Examination of the metabolome (metabolite analysis) also provides detailed information about the state of a patient’s heart. Certain disease states (for instance, ischemic heart failure) are associated with marked shifts in metabolic profiles. Usually, the heart uses fatty acids to generate ATP, but glucose utilization for ATP production increases as heart failure progresses. It is relatively easy to assess levels of metabolic intermediates, such as fumarate, succinate, creatine, phosphocreatine, reduced NADH, ATP, ADP and amino acids, to create a metabolic profile for each patient.

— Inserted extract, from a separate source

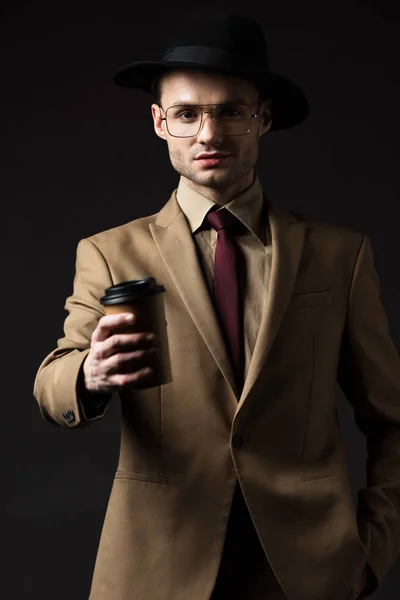 Hombre Elegante Traje Beige Sombrero Anteojos Dando Taza Papel Aislado —  Fotos de Stock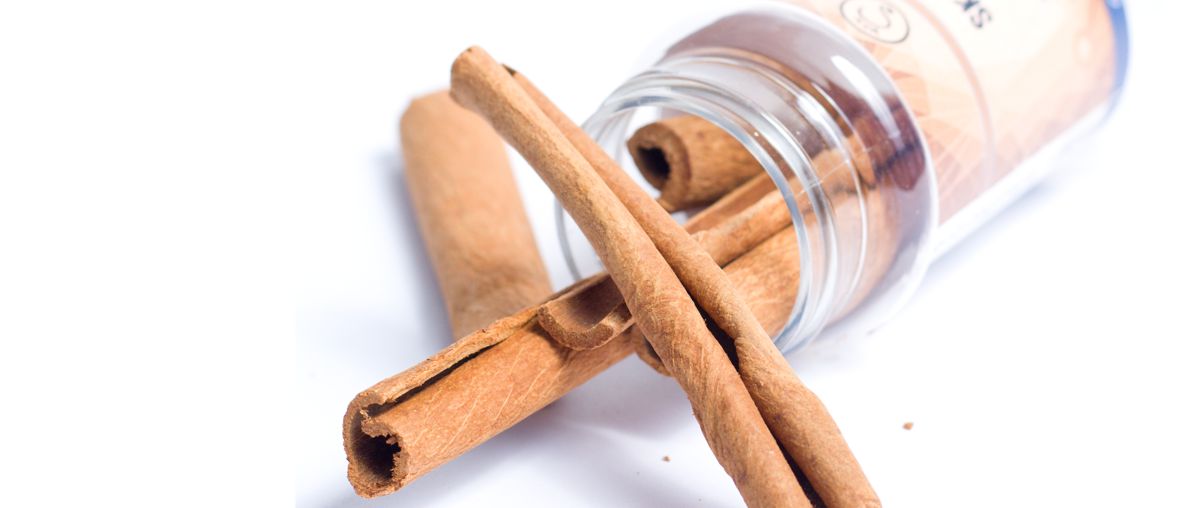 Skořice celá, Cassia, Cinnamomum burmannii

This allows an assessment of which substrates (fatty acids or glucose) are being used for energy production, and to what extent those substrates are being utilized. This will provide extra information for characterizing the disease state or stage of individual patients.

All of these approaches provide a large amount of information. One of the biggest challenges will first be to identify which subsets of information are useful, and then how to integrate the data to provide meaningful and useful information for the clinician and research scientist alike. Bioinformatics is the key to integrating these data, but it is also the weak point in many scientists’ and clinicians’ training. To take advantage of all of these data, a good working knowledge of bioinformatics is needed.

No studies have yet combined all these techniques to investigate cardiac disease, but some have used either proteomic or microarray approaches to investigate patients or animal models of heart failure. It is striking that each study group (either DCM, ischemic or pressure overload heart failure) has different patters of gene and/or protein expression Citation[39,40]. It will be interesting to see how the proteomes and gene expression profiles of patients with the same disease mutation, but with phenotypically different disease, are altered. It was once believed that there was a final common pathway for heart failure, but it is more likely that there are multiple pathways to a common heart-failure phenotype.